▶ _Required action_: Go through the material below, find each line with the word "Dynamics", and copy those lines.

*-*-*

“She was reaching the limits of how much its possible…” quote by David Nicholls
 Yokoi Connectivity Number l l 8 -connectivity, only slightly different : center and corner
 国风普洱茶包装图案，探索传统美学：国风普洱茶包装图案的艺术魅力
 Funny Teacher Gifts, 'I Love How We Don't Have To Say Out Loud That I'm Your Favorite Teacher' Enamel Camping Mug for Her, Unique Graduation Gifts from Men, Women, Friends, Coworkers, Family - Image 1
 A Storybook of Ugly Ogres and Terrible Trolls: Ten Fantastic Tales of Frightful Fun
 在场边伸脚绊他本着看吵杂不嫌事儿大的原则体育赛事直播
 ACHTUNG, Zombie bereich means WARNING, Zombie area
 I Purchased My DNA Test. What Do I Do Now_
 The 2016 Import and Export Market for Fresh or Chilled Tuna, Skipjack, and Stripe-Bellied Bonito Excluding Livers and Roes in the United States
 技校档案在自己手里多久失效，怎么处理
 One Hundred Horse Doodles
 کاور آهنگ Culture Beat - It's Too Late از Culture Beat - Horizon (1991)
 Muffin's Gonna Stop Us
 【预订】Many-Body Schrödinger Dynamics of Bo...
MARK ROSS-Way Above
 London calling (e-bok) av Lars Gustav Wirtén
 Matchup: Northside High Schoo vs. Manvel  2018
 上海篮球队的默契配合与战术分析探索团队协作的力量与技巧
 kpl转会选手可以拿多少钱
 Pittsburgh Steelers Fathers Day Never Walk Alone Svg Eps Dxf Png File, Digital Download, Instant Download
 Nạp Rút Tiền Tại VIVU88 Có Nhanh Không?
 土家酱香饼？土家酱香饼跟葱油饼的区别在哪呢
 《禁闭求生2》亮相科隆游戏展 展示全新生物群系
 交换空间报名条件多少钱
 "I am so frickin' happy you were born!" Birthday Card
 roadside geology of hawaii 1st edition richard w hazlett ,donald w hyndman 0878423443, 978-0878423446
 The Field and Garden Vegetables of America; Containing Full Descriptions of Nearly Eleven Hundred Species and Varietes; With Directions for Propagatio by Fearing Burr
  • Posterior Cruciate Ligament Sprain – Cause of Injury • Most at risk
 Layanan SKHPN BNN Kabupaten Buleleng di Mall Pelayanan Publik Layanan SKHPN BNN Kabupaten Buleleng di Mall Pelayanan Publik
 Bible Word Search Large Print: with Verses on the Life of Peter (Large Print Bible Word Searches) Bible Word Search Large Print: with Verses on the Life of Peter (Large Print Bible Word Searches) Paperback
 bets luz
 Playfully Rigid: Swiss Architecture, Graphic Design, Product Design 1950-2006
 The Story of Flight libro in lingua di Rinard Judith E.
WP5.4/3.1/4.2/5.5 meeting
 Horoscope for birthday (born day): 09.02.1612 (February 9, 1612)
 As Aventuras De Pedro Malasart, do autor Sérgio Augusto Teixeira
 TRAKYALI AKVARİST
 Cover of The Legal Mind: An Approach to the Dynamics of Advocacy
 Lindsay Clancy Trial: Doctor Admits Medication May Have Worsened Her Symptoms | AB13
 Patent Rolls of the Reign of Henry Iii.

*-*-*

▶ _Answer to this problem_:
 【预订】Many-Body Schrödinger Dynamics of Bo...
 Cover of The Legal Mind: An Approach to the Dynamics of Advocacy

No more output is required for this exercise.